Até que um dia comecei a falar com ele, e pela primeira vez me foi dito que não existe uma forma correcta de amar. Não há uma check list de elementos que têm de existir naquilo que sentes para se poder chamar amor ou amizade, tal como uma relação íntima não se distingue nem se limita apenas por ter uma componente romântica associada a uma componente sexual. E por tudo isto, eu não estava "estragada" nem a "funcionar mal" - simplesmente não me identificava com a monogamia.
Tal como não há nada de errado com alguém que nunca se apaixonou, ou com alguém que ama a mesma pessoa há 30 anos e nunca se apaixonou por mais ninguém, ou mesmo com quem nem sequer tem interesse em ter relações íntimas nem sexuais nem românticas. Ninguém tem o direito de me dizer que o que estou a sentir está errado ou tem este ou aquele nome porque ninguém melhor do que eu própria sabe o que sinto.

E depois de me começar a conhecer melhor e aceitar-me a mim mesma como sou, coisas extraordinárias começaram a acontecer. Era como se tivesse esfregado dos olhos uma névoa teimosa e as coisas começassem aos poucos a ficar mais definidas e claras. Para chegar onde estou neste momento, passei por muitos momentos de dúvida, de auto-questionamento, de frustração, de sofrimento, de mudança, de adaptabilidade, de descoberta. Acho piada quando dizem "just be yourself" quando eu, para poder ser eu mesma, tive de mudar. Ainda estou nesse processo, ainda sou um rebento verde - e mais pequena me sinto quando penso nas relações poliamorosas que existem há décadas, com pessoas que trabalham arduamente para a visibilidade desta conformação relacional. E, ainda assim, é fantástico conhecer-me melhor do que nunca, e descobrir que consigo sentir compersão pelas companheiras do meu companheiro. Não vim dar numa de proselitista e pregar como o poliamor é superior às outras formas de relação - mas numa relação monogâmica nunca teria a oportunidade de fazer amizades com punaluas. E é aqui que, para mim, o poli diverge da descrição de uma simples relação romântica mas com várias pessoas - todas as pessoas que fazem parte da constelação da qual também sou parte têm relações diferentes umas com as outras. O que o meu companheiro tem comigo tem uma dinâmica diferente da que tem com outra companheira, assim como a minha relação com cada uma delas é diferente, da mesma forma que a maneira como elas se relacionam entre si é única de pessoa para pessoa. Para além disto, todxs lutamos para equilibrar diferenças de poder. Todos comunicamos e buscamos o consentimento de todos - e aqui entram estratégias de comunicação mais complicadas, porque não é fácil conciliar consentimento, com comunicação, com os limites de toda a gente. Aprendi não só a falar mais, mas melhor. Aprendi a distinguir os momentos em que é preciso comunicar dos momentos em que é preciso dar espaço. E continuo a aprender.

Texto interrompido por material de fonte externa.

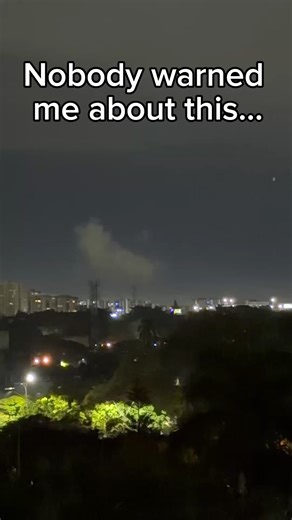 New Year’s Eve in Cali, Colombia From an 8th-floor view, watching the entire city light up at midnight. This wasn’t just fireworks… it felt like Cali exploded with joy, hope, and celebration. No filters. No edits. Just the city welcoming the New Year ❤️ Would you celebrate New Year like this? #NewYearEve #Cali #travel #CaliColombia #Colombia #SucursalDelCielo #AñoNuevo #FelizAñoNuevo #Fireworks #CityView #MidnightMoment #POV #travelwithme #traveldeeper #travelgram #travelblogger #travelblog #tra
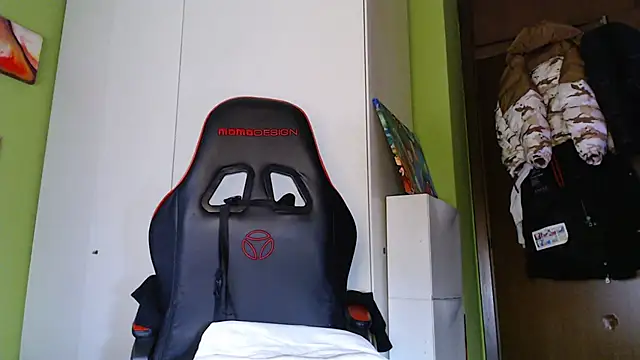 Snapshot of MASTERMONEY chatting on 10, 3, 2025 MASTERMONEY online show from 10, 3, 2025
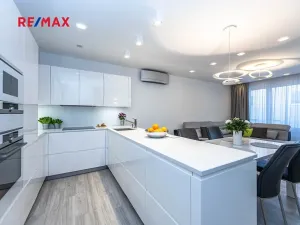 Pronájem bytu 2+kk, Praha - Strašnice, Novostrašnická, 68 m2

Para mim, ser poliamorosa não é apenas poder amar mais pessoas. É também poder amar de mais maneiras diferentes. É ter o poder de conhecer os meus próprios limites e dá-los a conhecer sem recear ser julgada, porque todas as partes envolvidas sabem que toda a gente tem necessidades diferentes. É respeitar e sentir-me respeitada, aceite, compreendida e amada de uma forma que nunca senti antes. É poder ter uma postura com que me identifico realmente sem ter medo de ser reprimida outra vez. É poder falar sem ter medo de ser silenciada. É poder sentir-me livre - porque para mim ser livre é poder escolher.

É, além de algo intrínseco, a minha escolha.

Um ano de ser mais eu. Um ano de ser mais feliz. Um ano de fazer aquilo que escolhi fazer.